Full-colour luminescence panels under ultraviolet (365nm) irradiation by adjustment of the nonvolatile blue-emitting anthracene liquid (left: photo) in the material.

A research team from the National Institute for Materials Science has developed a full-colour tunable luminescent liquid material with excellent photostability based on anthracene, which is a general organic fluorescent dye.

In the development of full-colour display monitors, mobile devices, and other electronic devices, organic molecular and polymer materials are essentially important, as they offer advantages such as light weight, flexibility, and printability. However, in virtually all cases, the light-emitting organic molecular materials developed until now have had difficulties to demonstrate their inherent luminescent performance due to various problems, which include low photostability (durability to prevent discoloration or decolorization under photoirradiation) and aggregation of molecules in the coating process. Moreover, from the viewpoint of production of flexible devices, materials should be free of deterioration of the continuous emissive layer, even when subjected to excessive bending and folding. On the other hand, development of organic molecular materials which enable simple, low-cost manufacture of full-colour luminescence devices, in comparison with individual synthesis of organic molecular materials that display various luminescent colours, is also desired.

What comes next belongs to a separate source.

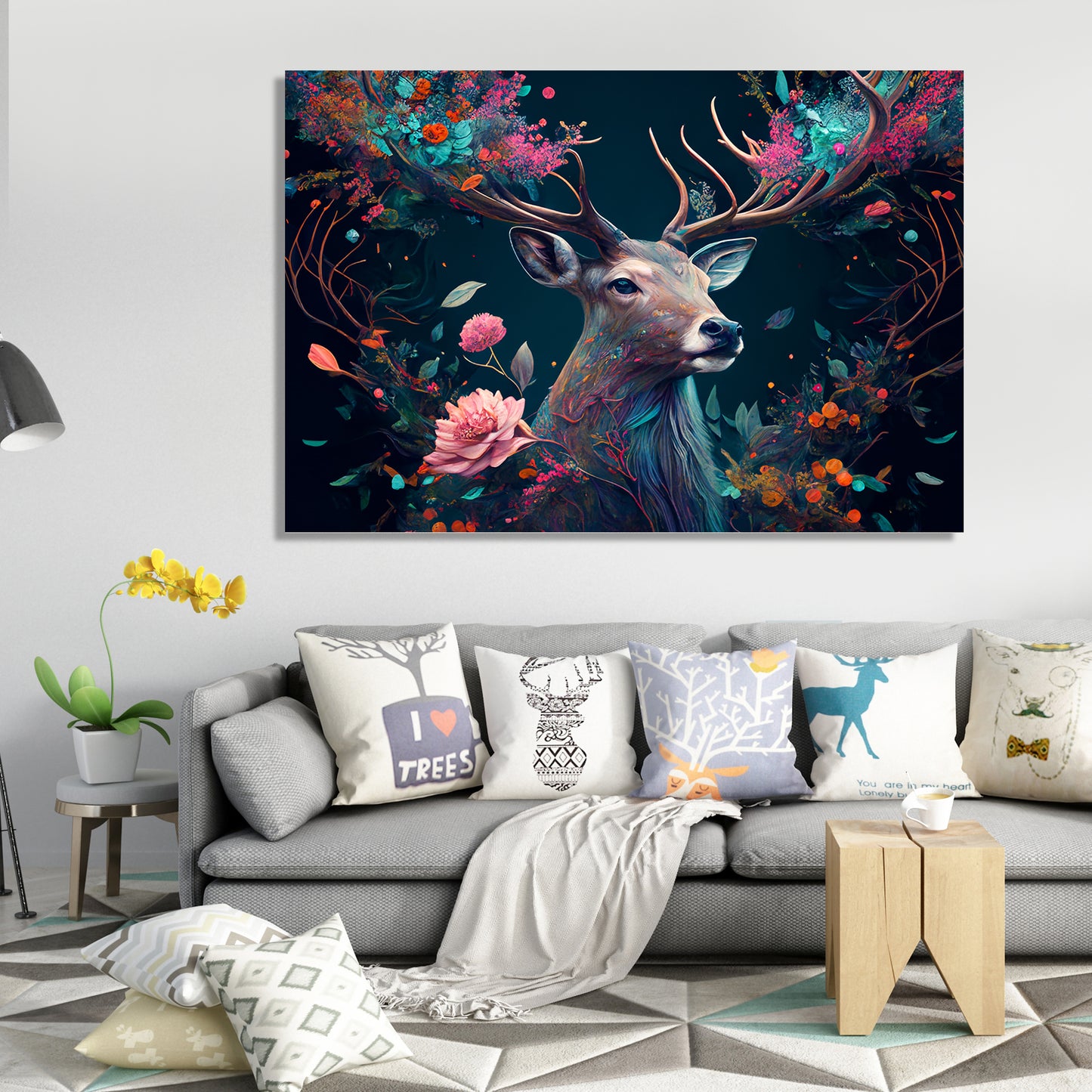 Modern Art Canvas Painting - Beautiful Vibrant Deer Canvas Art-Kotart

The team led by Dr. Nakanishi developed a blue-emitting liquid material which is free of aggregation among adjacent anthracene parts, has a melting point of approximately -60 °C, and is thermally stable up to about 300 °C, by attaching highly flexible branched alkyl chains around an anthracene core moiety, which is a fluorescent general dye molecule. This material is a low-viscosity liquid with viscosity of approximately 0.3 Pa-s at room temperature and is a blue-emitting with an absolute fluorescence quantum yield of ca. 55% and photostable more than 5~10 times longer lifetime than that of commercially-available anthracene dyes. Furthermore, because other luminescent dye molecules can be doped homogeneously in this liquid, it was found that full-colour luminescence tuning is available assisted by up to 96% fluorescence resonance energy transfer (FRET) of dyes by single blue-light (365nm) excitation.